On the surface, that success appears to be largely from the growing demand for the company’s gas turbine business. But, just like the wider changes happening in the energy system today, GE Vernova’s growth story is much more complicated. The company has thus far avoided investing in new gas turbine factories, its R&D budget has increasingly flowed toward its electrification business, and growing sales to new tech customers have forced out-of-the-box thinking.
Asked for a succinct description of his business today, Strazik frames it around delivering the “resilient electron,” whatever the source of that electron may be. GE Vernova's edge comes from a refusal to over commit to any singular energy future. In an era of competing narratives that no one can credibly adjudicate, the winning bet may be to sit at the center of all of them.
It can sometimes sound almost as though the company is a pure-play gas turbine maker. But in striking contrast to some of the customers clamoring for the product, Strazik takes a more measured approach. He has invested in existing gas turbine manufacturing facilities to try squeezing out capacity, but has declined to commit to building new ones, citing a range of uncertainties in the market. Construction firms, gas pipelines, permitting, and grid interconnection are bigger challenges than production capacity. “Even if we could wave a magic wand and create more gas turbines, the reality is, there aren’t pedestals in the world that are simply waiting for the gas turbine,” he says.

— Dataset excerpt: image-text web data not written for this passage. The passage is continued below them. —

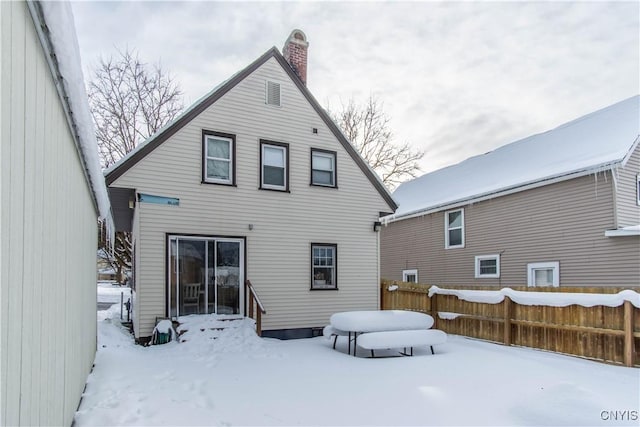 view of snow covered back of property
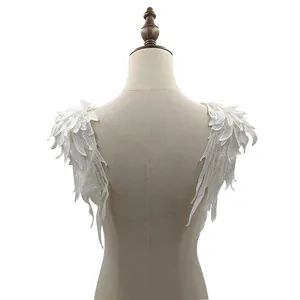 Detailed macro view of white water-soluble lace angel wing appliqués on a mannequin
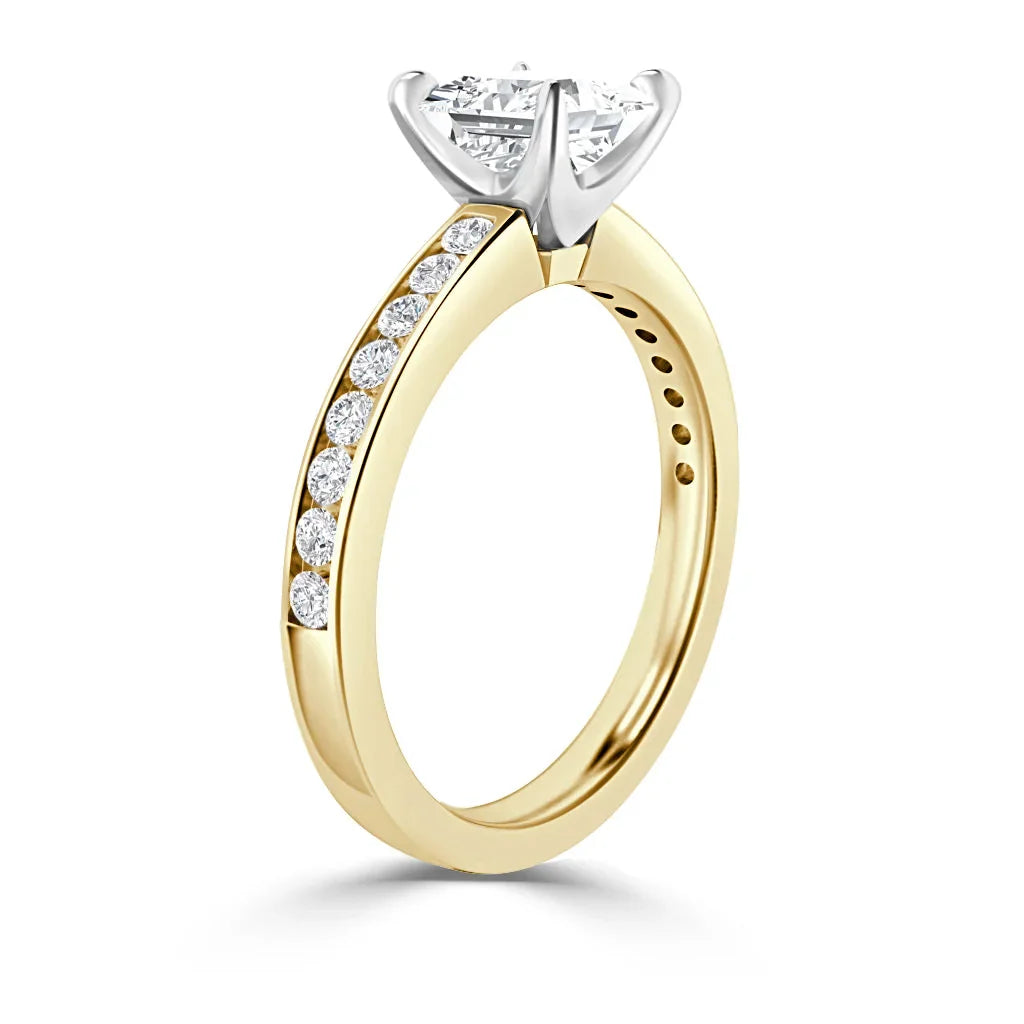 A gold ring with a large round diamond solitaire and smaller diamonds set along the band, on a white background.
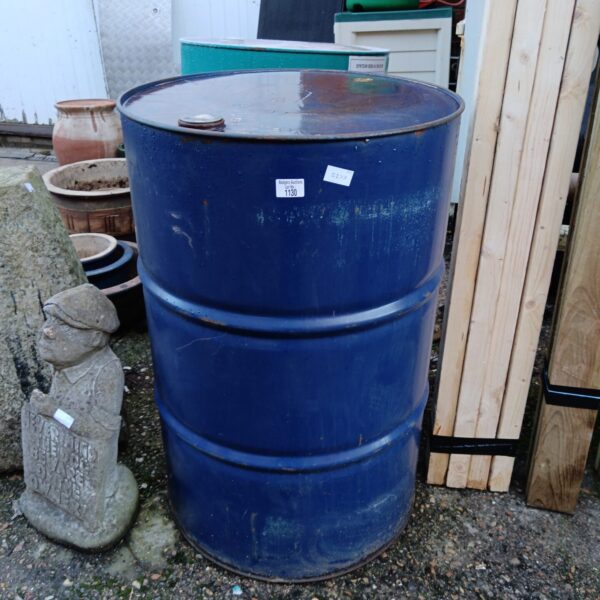 Large blue industrial oil drum for storage or repurposing.
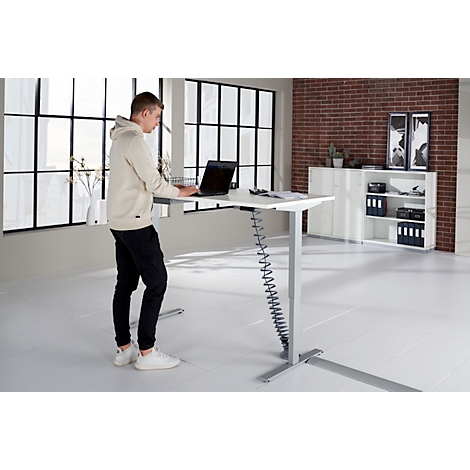A man stands at a height-adjustable desk, working on a laptop, light clothing. A shelf and a window in the background.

Serving this new type of customer has pushed GE Vernova to adapt, says Strazik. In a way, its gas prowess has opened the door for the company to sell other technologies. Big tech demand is pushing GE Vernova further down the power value chain, from turbines and grid equipment outside the data center toward electrical equipment and software closer to the rack.
Clean tech provides yet another source of optionality. Tech companies, for example, are increasingly ordering generators from GE Vernova outfitted for potential future carbon capture (though many barriers remain to actually retrofitting them so they can do that). The company has also made a long-term bet on small modular nuclear reactors (SMRs) as it works with partners to build its first in Canada and potentially many more in the U.S. The goal is to rebuild the nuclear supply chain that has fallen dormant in the U.S. to give SMRs a long-term future. And, at a time when wind has become a dirty word in Washington D.C., Strazik isn’t keen to abandon it. Today’s wind business is mostly servicing and repairing units that have already been installed. In the future, though, it could be something more. “This certainly isn’t the moment, in my view, that you walk from wind,” he says, adding that “it’s clearly at volume bottom, at least in the U.S.”